Climate change could cost India 2.8 per cent of GDP, and depress living standards of nearly half of its population by 2050, as average annual temperatures are expected to rise by 1-2 per cent over three decades, a World Bank report said.
Climate change could cost India 2.8 per cent of GDP, and depress living standards of nearly half of its population by 2050, as average annual temperatures are expected to rise by 1-2 per cent over three decades, a World Bank report today said.
If no measures are taken, average temperatures in India are predicted to increase by 1.5-3 degrees, said the World Bank report titled ‘South Asia’s Hotspots: The Impact of Temperature and Precipitation Changes on Living Standards’.
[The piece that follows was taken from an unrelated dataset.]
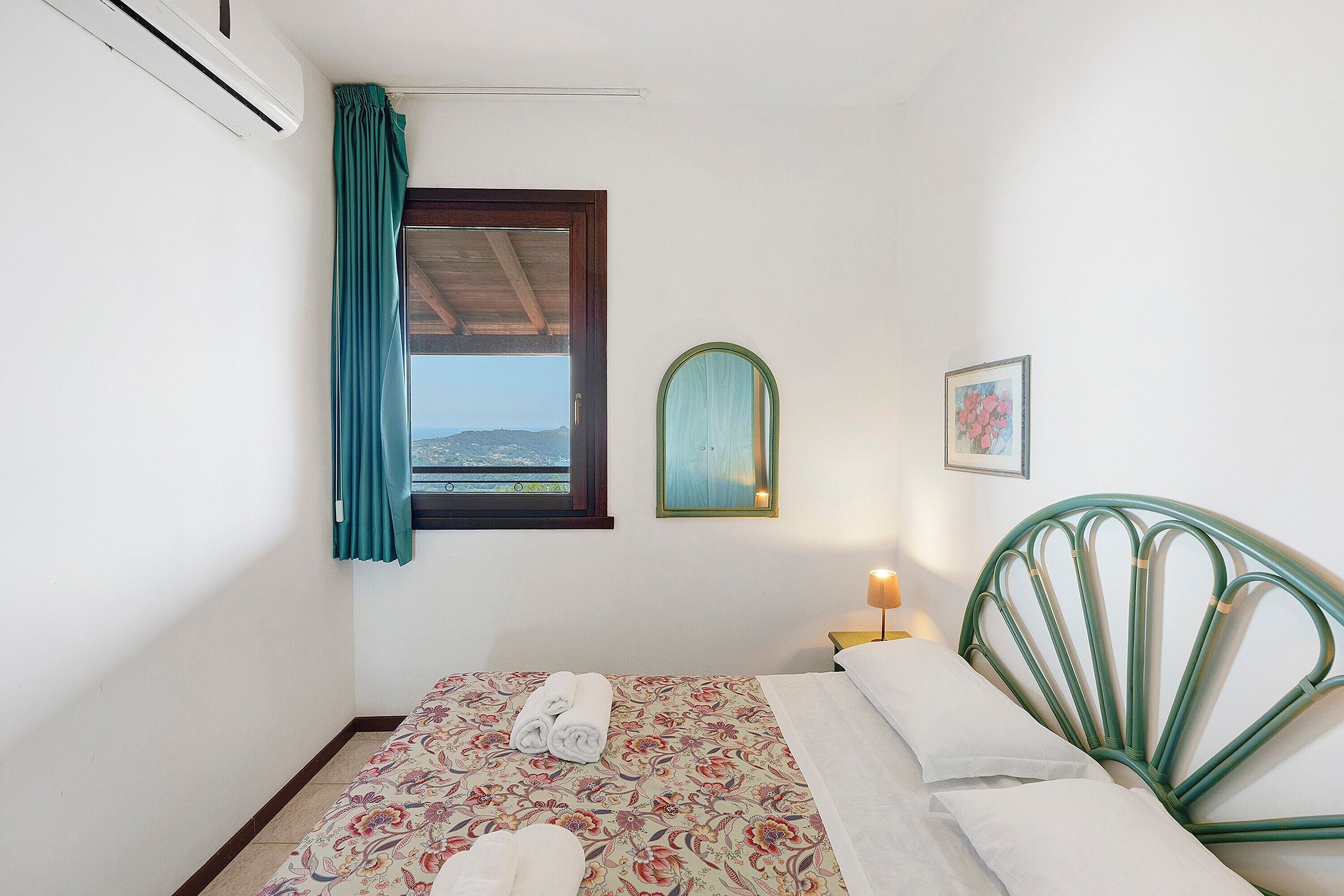 A bedroom with a bed, a window with curtains, a bedside lamp, and a framed picture on the wall.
“Rising temperatures and changing monsoon rainfall patterns from climate change could cost India 2.8 per cent of GDP and depress the living standards of nearly half the country’s population by 2050,” the report said.
Even if preventive measures are taken along the lines of those recommended by the Paris climate change agreement of 2015, India’s average annual temperatures are expected to rise by 1-2 degrees celsius by 2050, the report said.
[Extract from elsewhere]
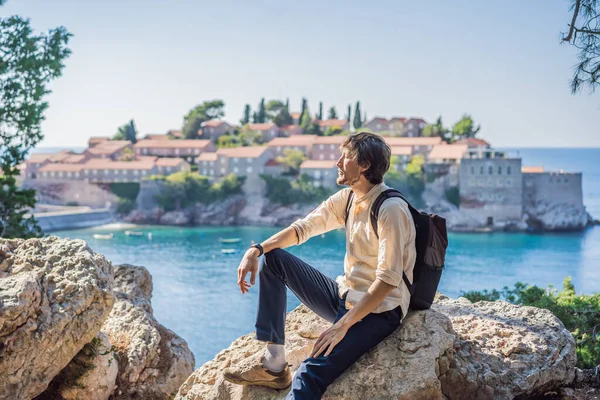 Homem turista no fundo da bela vista da ilha de Santo Estêvão, Sveti Stefan no Budva Riviera, Budva, Montenegro. Viajar para Montenegro conceito — Fotografia de Stock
According to it, almost half of South Asia’s population, including India, now lives in the “vulnerable areas” and will suffer from declining living standards that could be attributed to falling agricultural yields, lower labour productivity or related health impacts.
About 600 million people in India today live in locations that could either become moderate or severe hotspots of climate change by 2050 under a business-as-usual scenario.
States in the central, northern and north-western parts of India emerge as most vulnerable to changes in average temperature and precipitation.
By 2050, Chhattisgarh and Madhya Pradesh are predicted to be the top two climate hotspot states and are likely to experience a decline of more than 9 per cent in their living standards, followed by Rajasthan, Uttar Pradesh and Maharashtra, the report said.
Seven out of the top 10 most-affected hotspot districts will belong to the Vidarbha region of Maharashtra.
“These weather changes will result in lower per capita consumption levels that could further increase poverty and inequality in one of the poorest regions of the world, South Asia,” said Muthukumara Mani, Lead Economist World Bank while presenting the report here.
He said identifying hotspots will help policymakers in finding specific locations and household types where the resources are needed the most to address the rising risk to living standards.
The report provides options to prioritise investments and strategies to build local resilience to climate change.
To offset the negative economic impact in India, the report suggests enhancing educational attainment, reducing water stress, and improving job opportunities in the non-agricultural sectors.
It also predicts that a 30 per cent improvement on these measures could halt the decline in living standards by almost 1 per cent from 2.8 per cent to 1.9 per cent.